MONTREAL, QUEBEC -- (Marketwire) -- 02/15/13 -- Taggart Capital Corp. (the "Company") (TSX VENTURE: TAG) announced today that it has filed a management information circular (the "Information Circular") and notice of annual and special meeting in respect of its previously announced reorganization by way of plan of arrangement (the "Arrangement") under the Business Corporation Act (Ontario) (the "OBCA") whereby it intends to convert into a real estate investment trust (a "REIT") to be named PRO Real Estate Investment Trust ("PROREIT"), subject to receipt of all necessary approval, including the approval of the TSX Venture Exchange (the "Exchange") and the shareholders of the Company (the "Shareholders"). As previously disclosed, the Company completed its Qualifying Transaction on January 29, 2013, as defined under Exchange Policy 2.4 - Capital Pool Companies, and is now listed as a Tier 1 Real Estate Issuer on the Exchange.
Pursuant to the Arrangement, among other things, the issued and outstanding common shares of the Company ("Shares") will be exchanged for units of PROREIT ("Units") on a 10 for 1 basis (1 Unit for every 10 Shares). Upon completion of the Arrangement, PROREIT is expected to meet all of the minimum listing requirements for a Tier 1 Real Estate Issuer.
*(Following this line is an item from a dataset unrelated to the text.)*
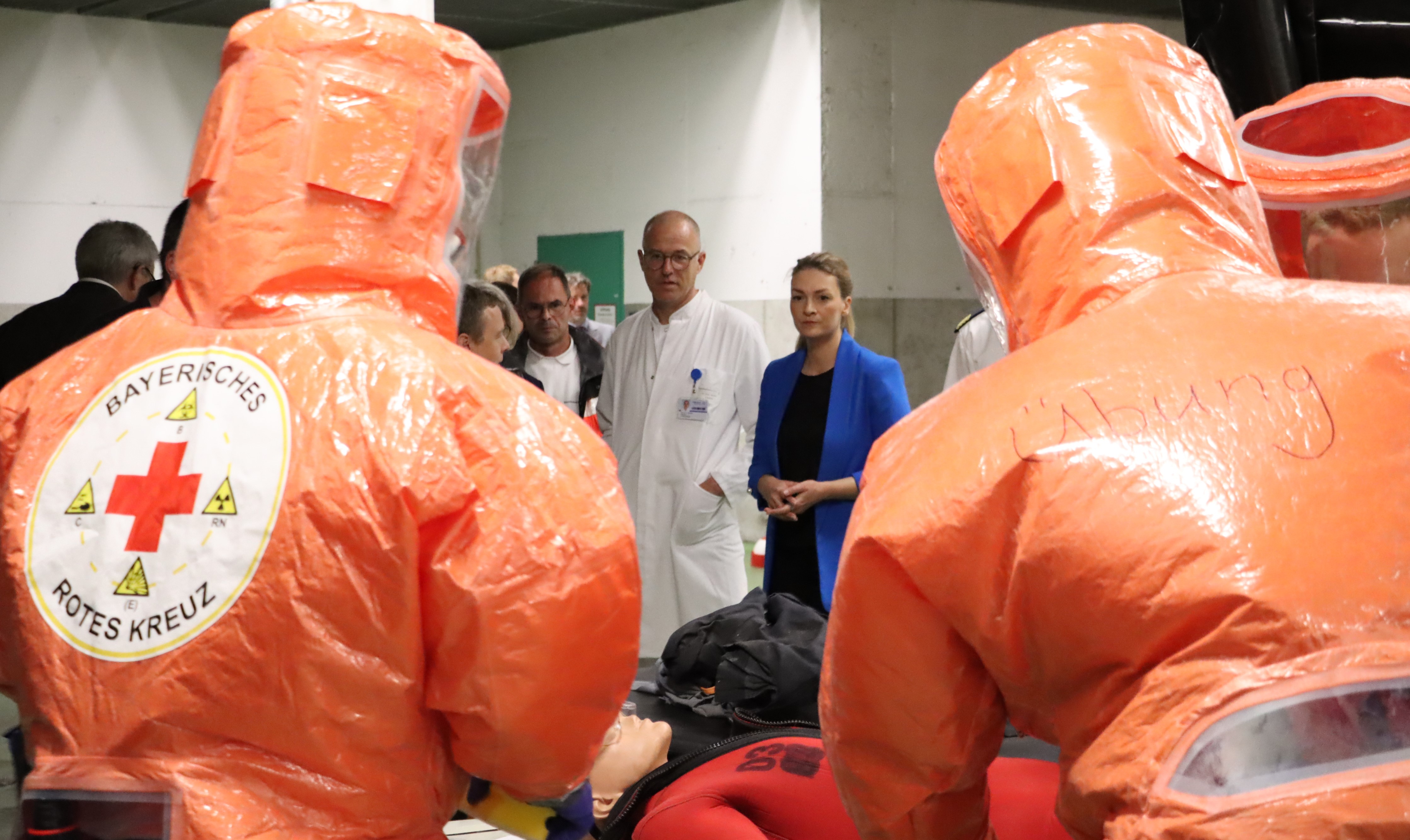 Gemeinsam mit der Berufsfeuerwehr Würzburg und den Katastrophenschutzkräften wurden am UKW auch die Abläufe einer Dekontamination gezeigt. Foto: UKW / Kim Sammet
Management and the Board of Directors of the Company (the "Board of Directors") have considered and concluded that the reorganization of the Company into a REIT in the manner contemplated by the Arrangement is an optimal strategy to increase value to Shareholders. The Company has decided to pursue the Arrangement and related transactions as management believes the resulting trust structure will: (i) enhance Shareholder value, (ii) create a favourable platform for growth and development of the properties and business of the Company, and (iii) ultimately provide a vehicle to deliver cash flow from the business of the Company to security holders in a tax efficient manner.
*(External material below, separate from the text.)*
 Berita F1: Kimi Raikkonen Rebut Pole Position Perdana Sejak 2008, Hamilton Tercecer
The closing of the Arrangement is subject to a number of conditions, including, among other things, (i) the approval of the Arrangement by 66 2/3% of the Shareholders and with a vote passed by the majority of the minority of the Shareholders (the "Majority of the Minority Shareholder Approval"), (ii) the receipt of the final order from the Ontario Superior Court of Justice (the "Court") and, (iii) the final approval of the Arrangement by the Exchange. In the event that the necessary approvals are not obtained for the proposed Arrangement, management of the Company will continue to identify and evaluate real estate property that it considers appropriate for the Company. In such an event, management of the Company would also consider the appropriate time to reorganize the Company into a real estate investment trust by way of a plan of arrangement.
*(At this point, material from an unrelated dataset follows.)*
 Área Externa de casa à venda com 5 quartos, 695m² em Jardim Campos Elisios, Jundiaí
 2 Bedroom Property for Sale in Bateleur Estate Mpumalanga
Information About the Meeting
The annual and special meeting (the "Meeting") of the Shareholders will be held at 9:00 a.m. (E.S.T.) on March 8, 2013, at 1000 De La Gauchetiere Street West, Suite 2100, Montreal, Quebec, H3B 4W5.
Each person who is a holder of record of Shares at the close of business on February 4, 2013 (the "Record Date") is entitled to receive notice of, and to attend and vote at the Meeting and any adjournment thereof, provided that to the extent that a person has transferred any Shares after the Record Date and the transferee of the Shares establishes that the transferee owns the Shares and demands not later than 10 days before the Meeting to be included in the list of holders eligible to vote at the Meeting, the transferee will be entitled to vote the Shares at the Meeting.